A while back, Levitt wondered why the Wall Street Journal charges for its online version while other papers generally offer their content ice for free. Sure enough, we have an answer. Walter E. Hussman Jr., publisher of the Arkansas Democrat-Gazette, has an editorial in today’s Journal (available for free!) titled “How to Sink a Newspaper.” It offers a detailed explanation of the print/online dynamic and makes a strong case for subscription-only sites.

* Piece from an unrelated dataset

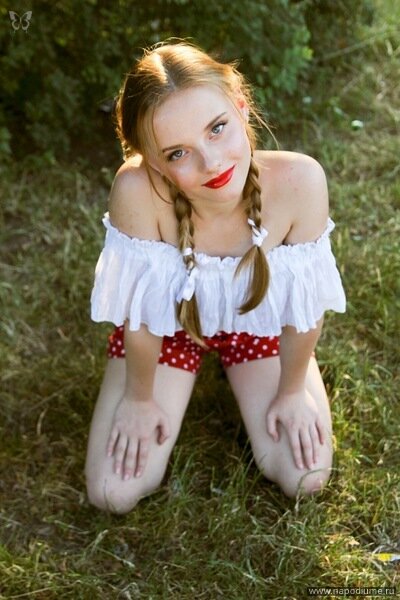 Фото Анна Загладько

Most striking is Hussman’s statement that, while newspapers generate between $500 and $900 in annual revenue per print subscriber, an average news site generates just $5 to $10 annually per unique visitor — though, of course, there’s the fact that putting your content online can heavily increase your overall readership. Meanwhile, his correlation between offering free-access web sites and falling print subscription rates seems to skirt the other possible causes of circulation decline (such as the argument that print itself is in trouble). Still, Hussman makes a good point: especially when advertising dollars are concerned, Web sites and newspapers are very different animals.

(Hat tip: David Ozburn)


vestigial_cerebrum

Yoshimi, even if each unique visitor were to average 1000 pageviews per day, $5 to $10 would be high. And 1000 pageviews a day per unique is a preposterous number.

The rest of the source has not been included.